Strings in Emacs Lisp are somewhat difficult to deal with, for the following reasons:
-
They can be either "unibyte" strings, which correspond to byte vectors in Scheme, and "multibyte" strings, which can handle unicode. Whether a string is considered unibyte or multibyte depends on its contents; see Section 2.3.8.2, "Non-ASCII Characters in Strings" in the Emacs Lisp manual for details.
-
Whether a string is considered unibyte or multibyte not only depends on its contents, but also the source it is read from.
-
A multibyte string can include characters outside of the unicode codepoint range. This happens for instance when the string includes a hexadecimal or octal escape interpreted as a single byte, potentially violating the encoding rules of the multibyte source.
-
Emacs Lisp string syntax supports a multitude of escaping modes, some of which originate from representing keyboard event sequences in strings. Using these "keyboard-oriented" escapes inside strings is explicitly discouraged in the Emacs Lisp manual.
The way lexpr
deals with this complexity is the following:
-
The input source is always considered to be "multibyte" using the UTF-8 encoding; other encodings are not supported.
-
Mixing non-ASCII UTF-8 characters, either directly part of the input or represented using escape sequences, and hexadecimal or octal escape sequences resulting in a single byte outside of the ASCII range will result in a parse error. For instance, the following string cannot be parsed by
lexpr
:"\xFC\N{U+203D}"
Emacs, however, would parse this as a string containing the "character" sequence
#x3ffffc
,#x203d
. Note that the first "character" is not a valid unicode codepoint. -
Strings containing only ASCII characters and at least one single-byte hexadecimal or octal escape will be parsed as byte vectors instead of strings. This mirrors the Emacs Lisp rules for when a string will be considered to be "unibyte".
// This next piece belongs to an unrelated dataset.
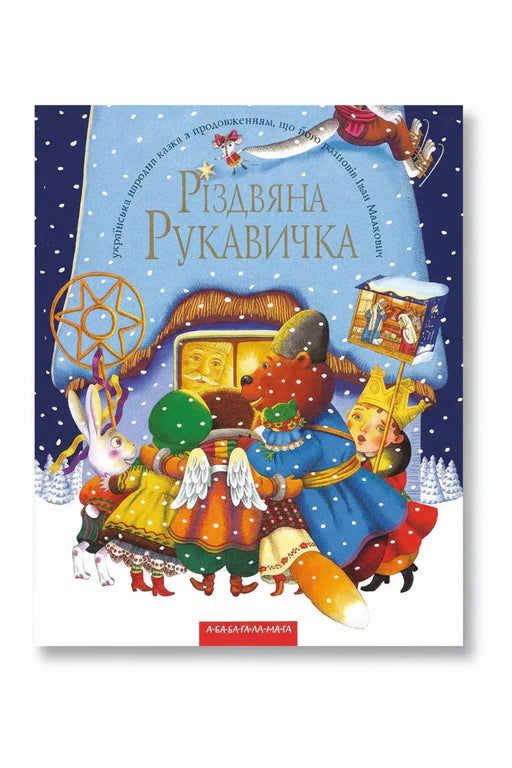 Обкладинка книги «Різдвяна рукавичка» — Іван Малкович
When producing S-expression text, byte vectors will always be represented as a sequence of octal-escaped bytes.
-
The escaping styles supported by
lexpr
are:- Hexadecimal (
\xN...
) and octal (\N...
) - Unicode (
\uNNNN
,\U00NNNNNN
) - Named unicode (
\N{U+X...}
). Note that the syntax that refers to codepoints using their full name (e.g.\N{LATIN SMALL LETTER A WITH GRAVE}
) is deliberately not supported.
- Hexadecimal (
It is expected that these restrictions will not be an impediment when using S-expressions as a data exchange format between Emacs Lisp and Rust programs. In short, S-expressions produced by Rust should be always be parsable by Emacs, and the other direction should work as long as there are no strings with non-unicode "characters" are involved.